The to-do list, and setting fixed starting and ending times for when I need to finish my work, instead of it spreading to take up the entire day, are good ideas. That will also force me to actually do the work when I sit down at my desk instead of browsing those websites, freeing up my time later in the day.


----------



## Mark Anthony (Jul 12, 2020)

> Don't roll out of bed at 8:59 and head to your computer, in your underwear, with your bowl of cornflakes.


Although I do get dressed, but eating cornflakes and chips at my computer is basically what I have been doing so far. How did you know? Although we have started cooking together since we moved to the big city for my job, I have just been eating mainly ready to eat snacks and such. I know it is not healthy. I am sorry.
I should probably use my free time for exercising instead of reading the news, which was my problem, because I don't really exercise and yeah I should start doing that. The problem is that one does not simply read one news article.


----------



## EleGirl (Dec 3, 2011)

@Mark Anthony,

I’m a software engineer. My company allowed a lot of us to work remotely from home most of the time. We only had to go into the facility for meeting and to see clients. I am retired now from the company but still do software development with my own company. So I’m working from home still.

What you are experiencing is very normal. Most of us who work remotely go through a period of time at first where we just don’t management it well. Like you said, we’re used to being in an environment that puts external pressure on us to follow better work habits.

Since your work area is not a separate room, think of something that indicates that “the office is closed.” It might even be a sign you lean against your computer screen.

Is there any reason that your company cannot buy you a computer to use at home? When I worked for the large corporation, we were not allowed to use our personal computers for any work we did for the company. They issued very high-end laptops for home use, with docking stations, monitors, keyboards, etc. My workday started and ended by turning that laptop on in the morning and off after the end of the workday. My personal computer was also on my desk. I have an L shaped desk.

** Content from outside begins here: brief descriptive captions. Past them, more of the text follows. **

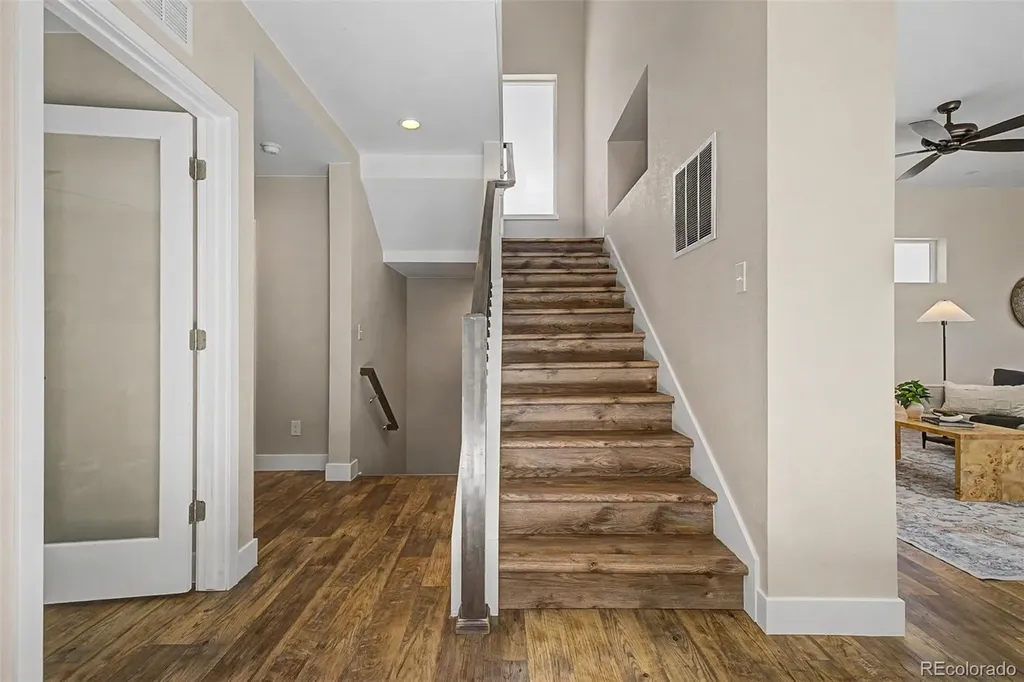6707 Mariposa Court Denver CO 80221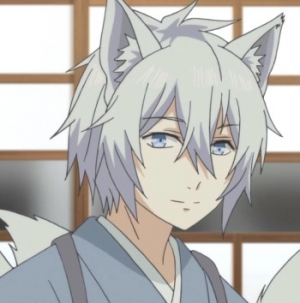 Zzzzz 1725252991kakuriyo Bed And Breakfast For Spirits Ginji — 100+ Husbando Tier List option 91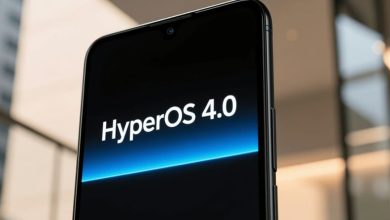 HyperOS 4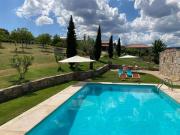 Casa rústica, Redondelo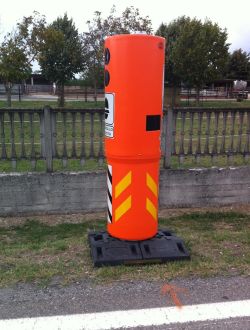 Di qui si vede l'estrema vicinanza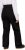 Ulla Popken HYPRAR Triple Function Ski Pants Black - Jeans & Bukser i Store Størrelser – Plus Size - 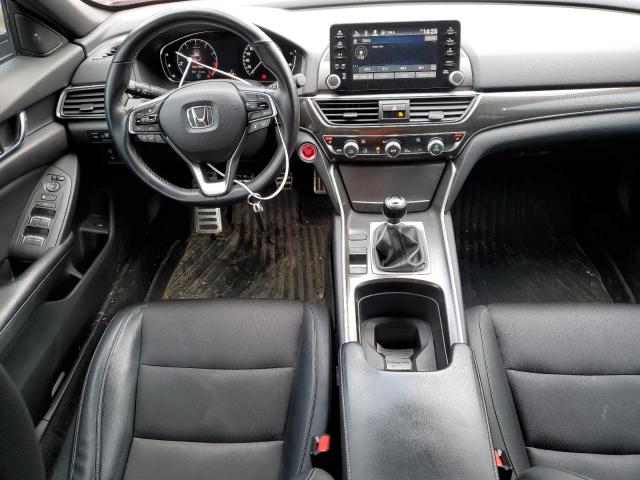 2018 HONDA ACCORD SPO 1HGCV2E39JA800340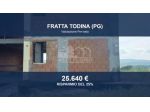 Immobile in asta di 67 m² in vendita a Fratta Todina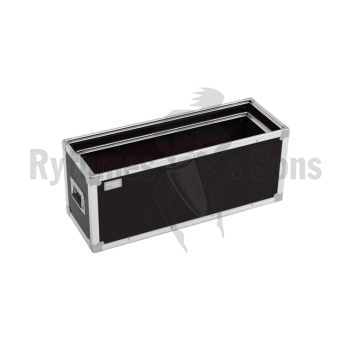 Flight-case - Lot de 2 grandes malles OpenRoad gigognes-1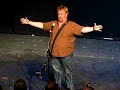 Edinburgh Festival Fringe - The Mitch Benn Music Club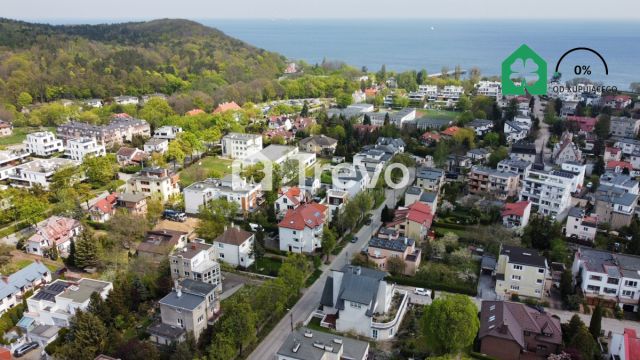 Mieszkanie 2-pokojowe Gdynia Orłowo, ul. Popiela. Zdjęcie 13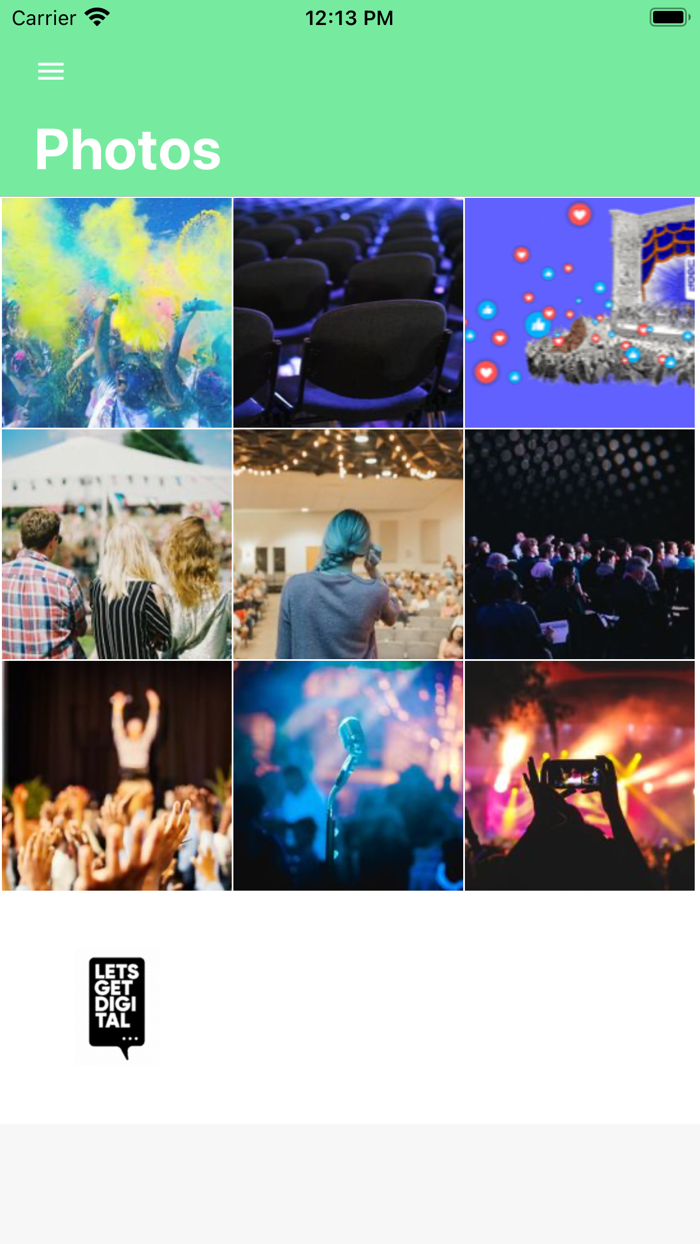 AvH Network Meeting Konstanz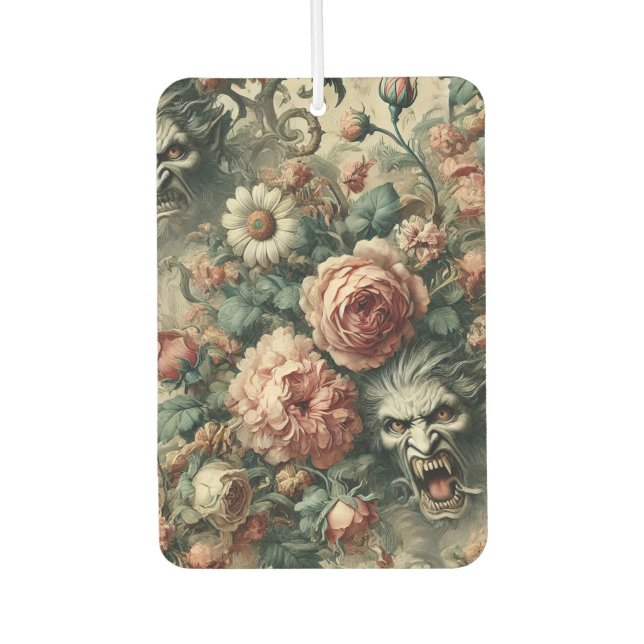 Ambientador Lo di a Prey - Victoriano gótico (Anverso)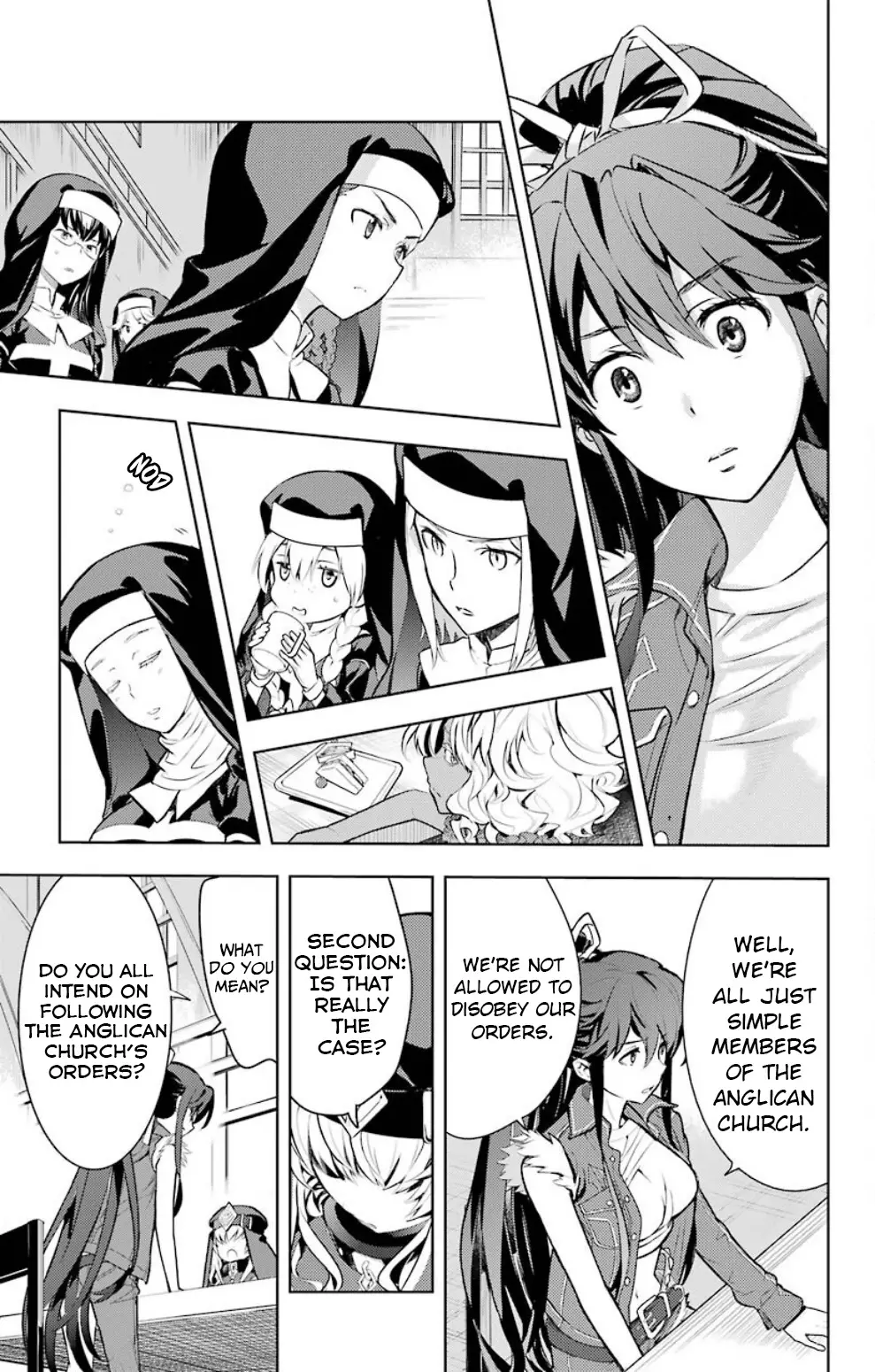 Anime & Manga Archives - Page 11 of 265 - OtakusNotes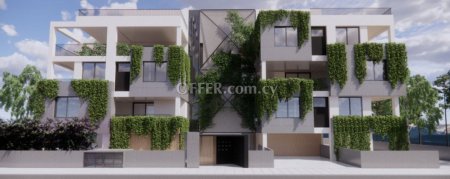 Apartment (Penthouse) in Ekali, Limassol for Sale - 10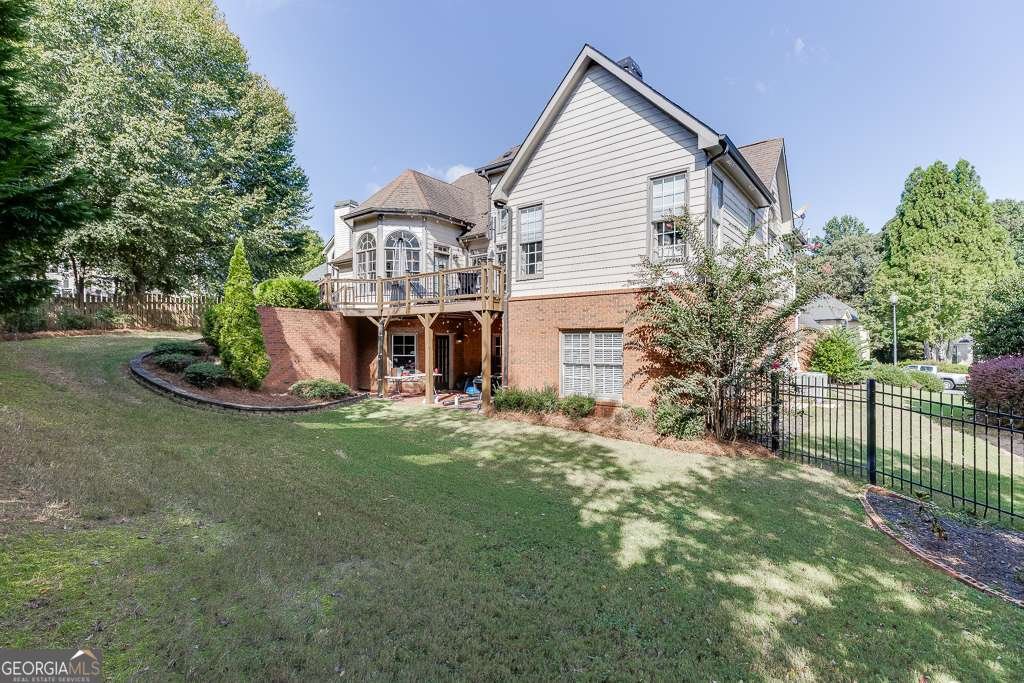 3313 Mill Valley Trace Dacula - 38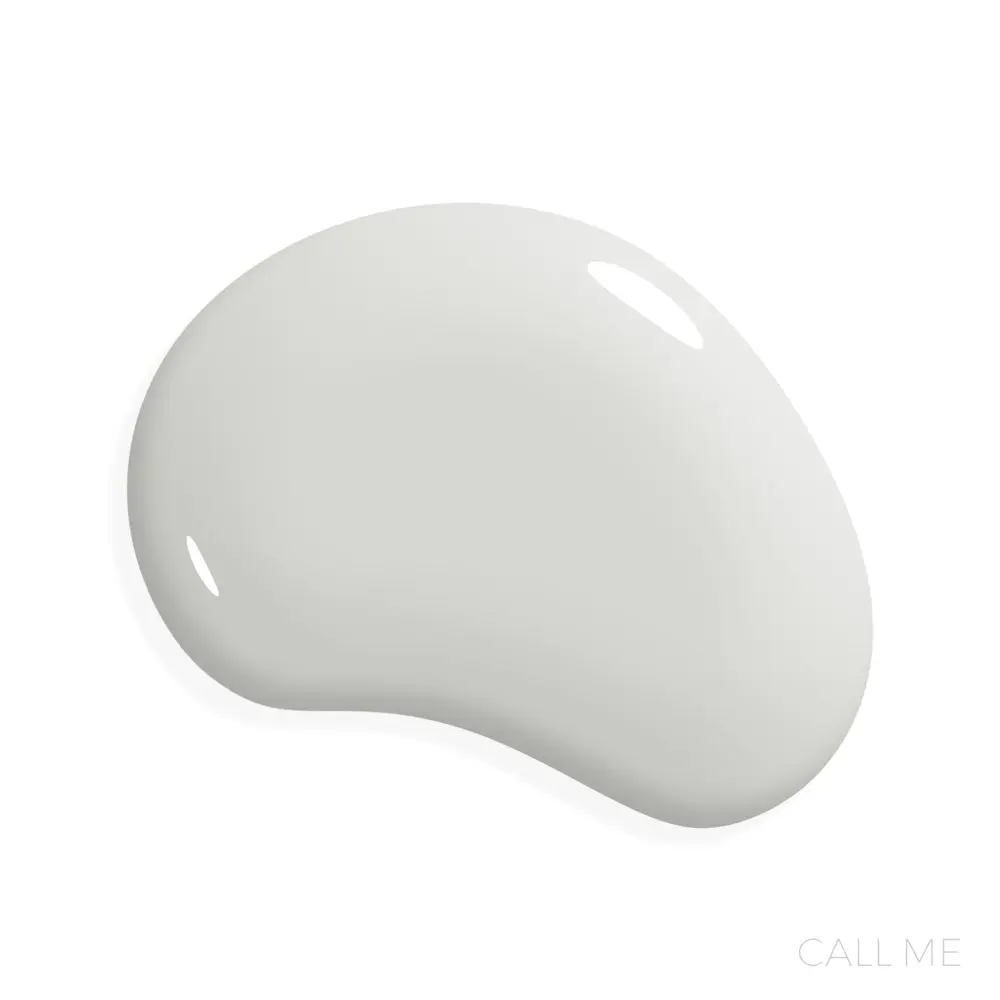 Call Me - Manor Borne Wall Paint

If you are going to work from home much longer, it would make sense for them to get you an ‘official’ computer for use only for their work.



> I work as the IT guy in the corporation, and my non-technical manager doesn't really communicate with me, just a couple emails per week. I'm mostly left for myself, how I want to manage my time. Everything moves slowly at the corporation, and they don't really look after me now.


One thing you might want to consider is that it’s important that you take charge of your visibility to your manager. You said that you hand in reports. You might want to consider sending him emails with a daily or ever-other day status as well.

It does sound like you got lucky with this job. You definitely want to make sure that your manager knows how valuable you are to the corporation.



> Previously in my life I had always been motivated by external accountability. Now when the external supervision dried up, without an eye watching over me, I figured that I need to get my act together now and supervise myself to make sure I am doing the work, and living the life that I aspire to live, without lower forms of thought patterns taking over me.


What’s good is that you recognize that there is an issue and your looking to for ways to take responsibility for making yourself accountable. That’s a very good thing.


> The to-do list, and setting fixed starting and ending times for when I need to finish my work, instead of it spreading to take up the entire day, are good ideas. That will also force me to actually do the work when I sit down at my desk instead of browsing those websites, freeing up my time later in the day.


That sounds like a plan.


----------



## EveningThoughts (Jul 12, 2018)

You have received lots of good advice about working from home, and it is an adjustment.

You will get bored of all those other sites, but you need to break the habit.
This suggestion might be a bit counter to what you really need to do, but addresses your feelings of not spending time with your wife.

As your current pattern is to waste your mornings and catch up later. Why not waste your mornings with your wife instead. Maybe go on a morning walk together.
That way you have quality time together, and you now have no choice but to leave those sites alone when you get back, as you only have time for work now.
You will also benefit mentally from starting your day outdoors.


----------



## TJW (Mar 20, 2012)

EleGirl said:


> Most of us who work remotely go through a period of time at first where we just don’t management it well.


Yep. Don't beat yourself up about it. I don't have any advice to add, all of what you got is good. What I want to say is that the rewards to be gained by good self-habits are WORTH IT.
You will make more money.


----------